El nearshoring es una estrategia empresarial que consiste en trasladar procesos
productivos o de abastecimiento a países cercanos al mercado de consumo final, en lugar
de ubicarlos en regiones lejanas. A diferencia del offshoring, que prioriza costos bajos en
países distantes, el nearshoring busca acercar la producción al cliente final para reducir
riesgos, ganar control operativo y mejorar la eficiencia logística.


Producir más cerca del mercado permite reducir tiempos de tránsito, optimizar
inventarios, disminuir el capital inmovilizado y mejorar la planificación operativa. Esto se
traduce en una cadena de suministro más predecible y eficiente.
Además, el nearshoring facilita una mayor rapidez y flexibilidad frente a los cambios en la
demanda. Los mercados actuales exigen tiempos de entrega más cortos y una mayor
capacidad de adaptación, algo difícil de lograr con cadenas de suministro largas. Al operar
en regiones cercanas, las empresas pueden responder con mayor agilidad a las
necesidades de sus clientes.


Los riesgos geopolíticos y regulatorios también han impulsado esta estrategia. Tensiones
comerciales, cambios arancelarios y restricciones a la importación han incrementado la
incertidumbre global. Ubicar operaciones en países cercanos y con acuerdos comerciales
sólidos reduce estos riesgos y aporta mayor estabilidad a la operación.
A esto se suma la presión por operar de manera más sostenible. El nearshoring
contribuye a la reducción de la huella de carbono al disminuir las distancias de
transporte, lo que impacta positivamente en los indicadores ambientales y en las
estrategias ESG de las empresas.


También presenta retos importantes, como la disponibilidad de infraestructura logística,
la capacidad de los proveedores locales, la escasez de mano de obra calificada y la
necesidad de inversiones iniciales. Por ello, es fundamental realizar análisis de viabilidad y
estudios de costo total antes de tomar decisiones.

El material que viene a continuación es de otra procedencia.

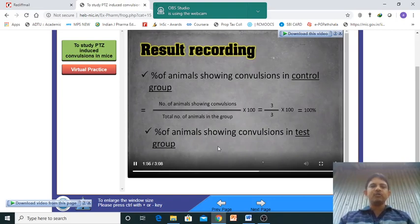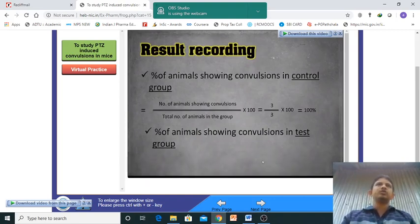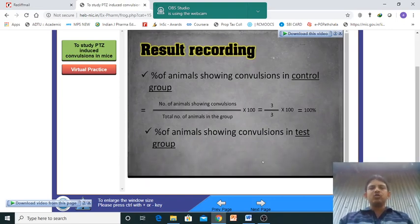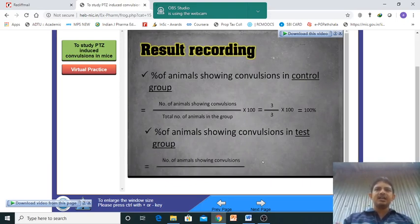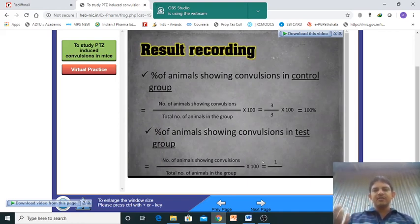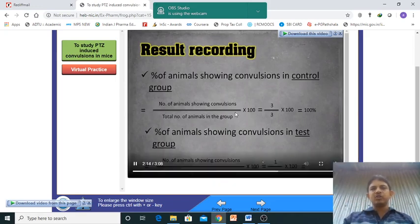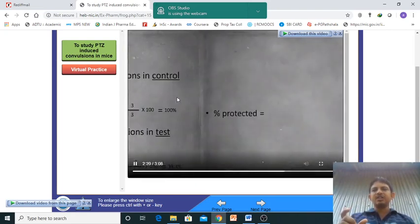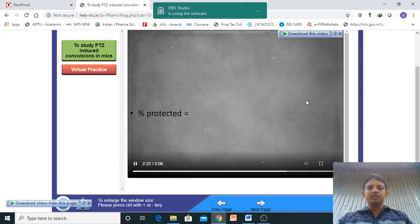We check how many animals in the saline group show convulsion. You need to understand how we are evaluating the PTZ-induced convulsion. In experimental work, we also check the time spent by the animal in convulsion mode — that time span is an important parameter.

En Ormon Global entendemos que el nearshoring no es una moda, sino una decisión
estratégica de largo plazo. Una asesoría logística especializada permite evaluar
ubicaciones, diseñar redes eficientes, identificar riesgos y acompañar la implementación
operativa. En un entorno donde la incertidumbre es constante, acercar la producción y la
logística al mercado final se ha convertido en una necesidad estratégica para las
empresas que buscan competitividad y continuidad operativa.